> **What this task involves**
Give an exact transcription limited to the lines from the one with "2605 Calumet St #38 — Photo 28" through the end of the entries, including both; no pictures belong in it.

Scraped caption text data
#####
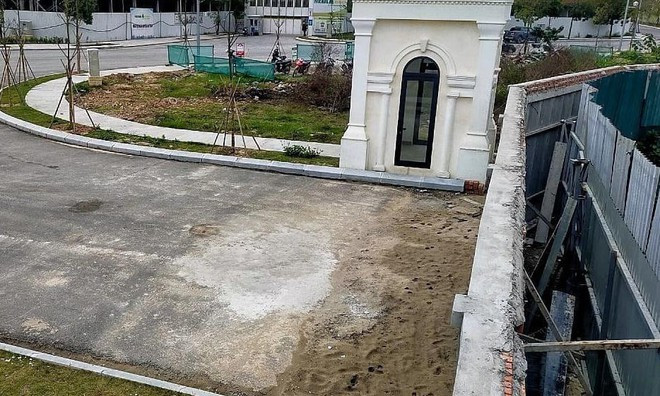 Tuy nhiên, ghi nhận của PV Báo Tri thức và Cuộc sống, tính đến ngày 7/3, bức tường kiên cố của dự án khu đô thị An Lạc Green Symphony vẫn chưa được xử lý dứt điểm, vẫn còn cố định ở một vài vị trí và vẫn còn tấm tôn chắn khiến người dân bức xúc.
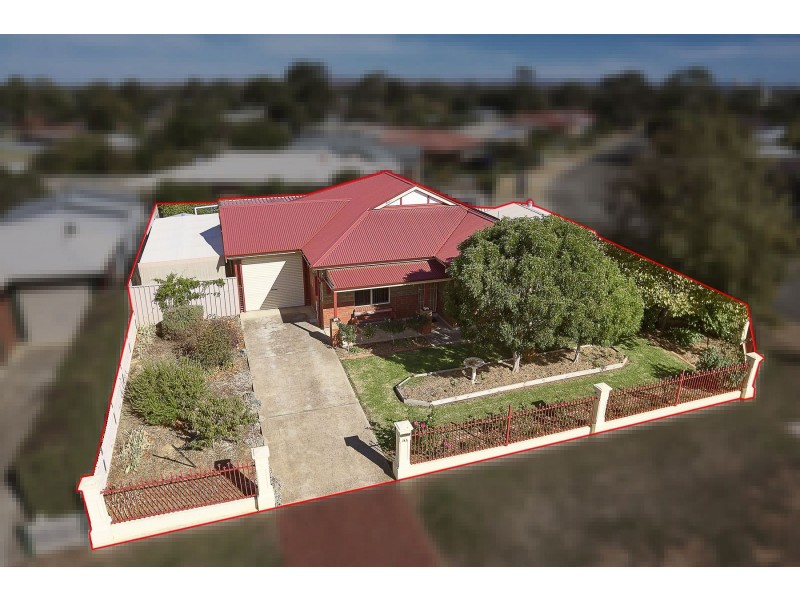 9a Berry Smith Drive, Strathalbyn SA 5255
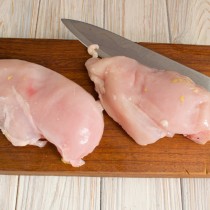 Отделяем мясо курицы от кости Отделяем мясо курицы от кости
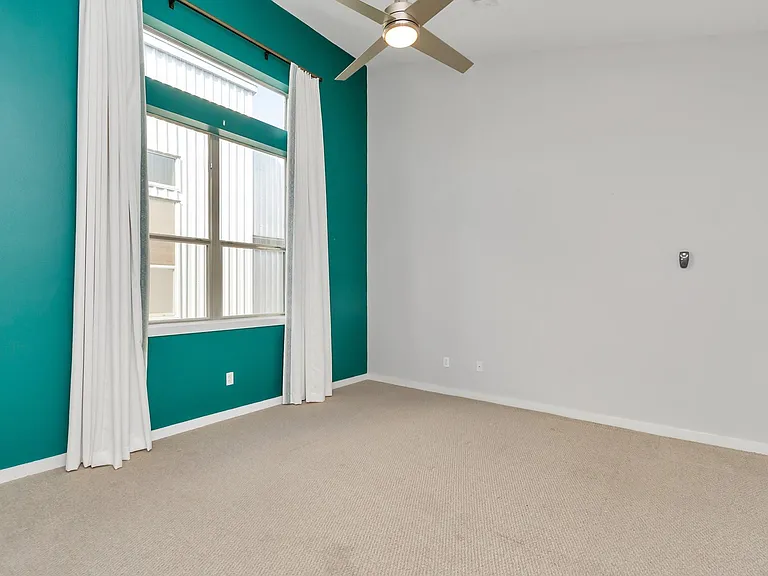2605 Calumet St #38 — Photo 28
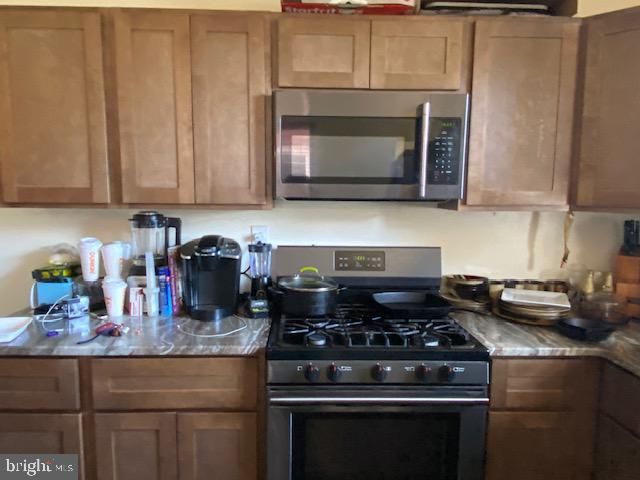 32 POMONA, Philadelphia, PA 19144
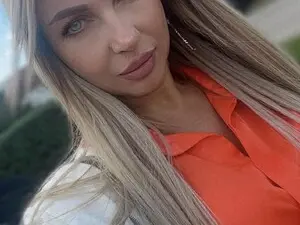 Myfreecams Live Sex Cam of AmandaSexyLAX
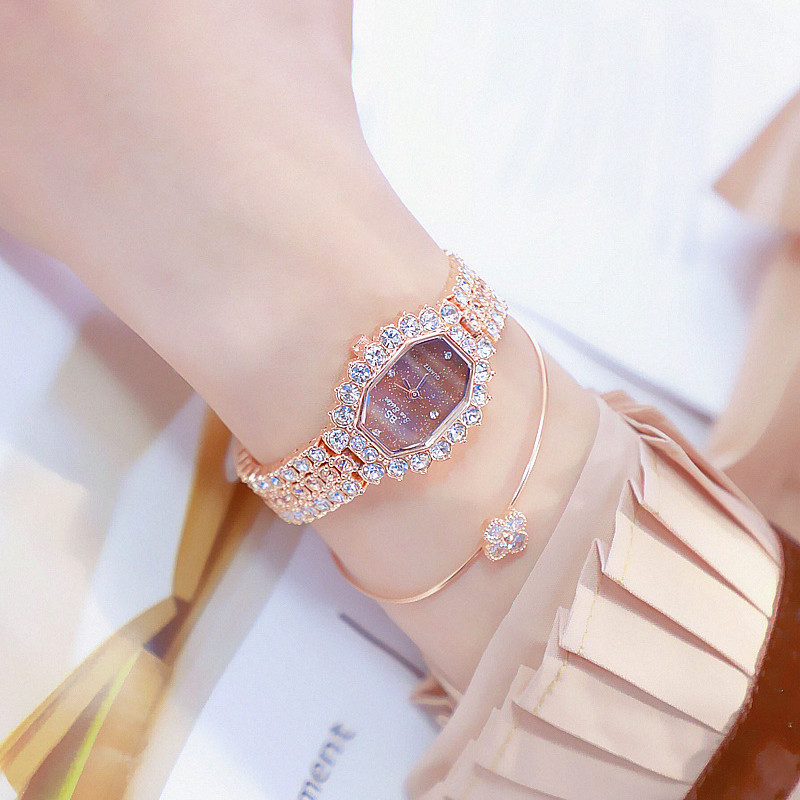 女士防水满钻女酒桶型表链手表表盘下单新款手链国产腕表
#####
> **Answer space**
2605 Calumet St #38 — Photo 28
 32 POMONA, Philadelphia, PA 19144
 Myfreecams Live Sex Cam of AmandaSexyLAX
 女士防水满钻女酒桶型表链手表表盘下单新款手链国产腕表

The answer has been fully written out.